Yes, I don't think we can give you that. What I can tell you is it's a substantial and meaningfully material one-off. But I'm not going to give you the number.
One moment for our next question. Our next question comes from Jim Ricchiuti with Needham & Company. Your line is open.
Hi, Thanks. Good morning. So you seem to be suggesting some recovery in the second-half on both the OLED side and the WFE side of the business? The OLED side, I think we understand what's happening with service utilization going up. What's your line of sight in terms of deployment of new Excimer laser tools in the second-half of fiscal ‘24, as well as your line of sight on the WFE improvement in the second-half?
Yes, as you mentioned, service utilization, uptick in the Excimer business for display in the near-term. In the long-term, the principal movements in the display market will be around the adoption of OLED technology in laptops, in tablets, in IT panels. And we are engaging with customers on Gen 8 investments. The timing of those Gen 8 investments should be clear early calendar year ‘25 and we'll be well positioned to work with our customers on the expansion of OLED capacity for tablets and for laptops, which would be incremental to our current business. We've developed solid state technology in line with the challenges of maintaining a sensible cost level for those larger OLED panels. And in the long-term, we see migration with TVs into the micro LED markets, which we're investing heavily in developing new tools for. Jim, did you have a second one?

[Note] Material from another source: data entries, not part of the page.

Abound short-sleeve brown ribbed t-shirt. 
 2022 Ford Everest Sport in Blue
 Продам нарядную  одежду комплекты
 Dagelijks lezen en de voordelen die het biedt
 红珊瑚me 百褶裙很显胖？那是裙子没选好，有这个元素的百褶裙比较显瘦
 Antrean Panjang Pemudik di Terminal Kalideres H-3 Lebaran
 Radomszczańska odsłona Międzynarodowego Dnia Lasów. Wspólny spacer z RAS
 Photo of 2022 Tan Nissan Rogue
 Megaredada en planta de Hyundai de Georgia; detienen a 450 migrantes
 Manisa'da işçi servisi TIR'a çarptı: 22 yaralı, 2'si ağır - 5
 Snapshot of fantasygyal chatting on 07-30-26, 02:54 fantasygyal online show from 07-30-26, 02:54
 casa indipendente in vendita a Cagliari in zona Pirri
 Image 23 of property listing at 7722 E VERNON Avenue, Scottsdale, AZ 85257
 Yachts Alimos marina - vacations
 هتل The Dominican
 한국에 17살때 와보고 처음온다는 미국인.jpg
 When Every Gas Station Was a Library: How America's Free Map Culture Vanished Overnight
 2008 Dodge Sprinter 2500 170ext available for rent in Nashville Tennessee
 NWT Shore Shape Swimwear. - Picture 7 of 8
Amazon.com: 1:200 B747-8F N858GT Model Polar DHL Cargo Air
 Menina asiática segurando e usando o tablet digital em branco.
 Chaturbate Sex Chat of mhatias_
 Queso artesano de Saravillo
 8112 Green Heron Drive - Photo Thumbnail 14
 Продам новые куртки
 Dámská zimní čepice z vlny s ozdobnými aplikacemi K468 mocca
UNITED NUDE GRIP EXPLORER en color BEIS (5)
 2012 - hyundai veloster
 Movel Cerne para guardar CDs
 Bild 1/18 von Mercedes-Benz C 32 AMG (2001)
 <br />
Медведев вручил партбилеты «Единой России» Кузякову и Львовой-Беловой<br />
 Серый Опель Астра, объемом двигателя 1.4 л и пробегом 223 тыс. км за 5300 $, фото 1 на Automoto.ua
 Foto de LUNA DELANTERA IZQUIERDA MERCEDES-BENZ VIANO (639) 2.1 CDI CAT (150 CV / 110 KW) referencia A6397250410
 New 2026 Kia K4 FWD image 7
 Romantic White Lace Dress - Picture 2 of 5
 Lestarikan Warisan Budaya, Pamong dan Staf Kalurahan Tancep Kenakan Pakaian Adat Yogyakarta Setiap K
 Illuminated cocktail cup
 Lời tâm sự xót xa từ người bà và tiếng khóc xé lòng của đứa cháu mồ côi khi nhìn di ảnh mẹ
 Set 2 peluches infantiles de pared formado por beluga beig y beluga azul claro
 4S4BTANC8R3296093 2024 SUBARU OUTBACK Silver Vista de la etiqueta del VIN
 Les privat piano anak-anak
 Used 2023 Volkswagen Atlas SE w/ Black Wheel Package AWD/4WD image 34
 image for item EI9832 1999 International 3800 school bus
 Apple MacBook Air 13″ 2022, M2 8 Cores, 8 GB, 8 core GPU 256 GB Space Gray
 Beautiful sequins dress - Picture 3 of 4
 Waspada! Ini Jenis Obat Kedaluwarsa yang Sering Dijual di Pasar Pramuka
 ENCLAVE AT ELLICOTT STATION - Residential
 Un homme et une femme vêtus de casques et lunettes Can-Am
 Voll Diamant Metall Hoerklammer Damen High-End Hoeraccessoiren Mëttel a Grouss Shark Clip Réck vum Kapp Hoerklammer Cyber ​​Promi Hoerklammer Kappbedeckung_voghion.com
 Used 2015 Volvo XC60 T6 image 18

Yes, the other question was just, and maybe I'll just group this into one last question on the balance of that laser and industrial business. It sounds like you're feeling relatively positive about the WFE portion of the business. Back-end semi, is that going to continue to be relatively weak? And are you assuming looking at precision manufacturing beyond the current quarter that the recovery there is still fairly uncertain? Is that a good way to characterize the outlook for this part of the business?
Yes, front end semi remains strong. The reasons for that are that, you know, the customer relationship in the front end semi market is a long-term roadmap. We engage, we partner with our customers in terms of developing that long-term roadmap. We develop lasers specifically for our partners in that area. And it's more than a sale. The relationship lasts for 20-years in terms of one particular laser technology. The service component of the semi-cap business is very significant. And so we go on this long-term journey which gives us more certainty in the service business of the emergence of the semi-cap inspection market. So we get a great deal of visibility through our customers on that. In terms of back end, it is softer. The recovery is taking longer, potentially the end of the fiscal year to see any change there. And in precision manufacturing, PMI, as Magnus mentioned before, the recovery is around the end of the year. But all of that, the precision manufacturing, the back end semi is offset by the strength in display and the strength in semiconductor coupled equipment way for inspection.
Okay, Jim, thanks for your question.
And I'm not showing any further requests at this time. I’d like to turn the call back over to our host for any closing remarks.
Kevin, thank you. And I want to thank all the analysts on the call for your thoughtful questions. As always, if we could be of any help throughout the quarter, please feel free to reach out. And I want to thank everybody for joining us this morning. Thank you.
Ladies and gentlemen, this does conclude today's presentation. You may now disconnect and have a wonderful day.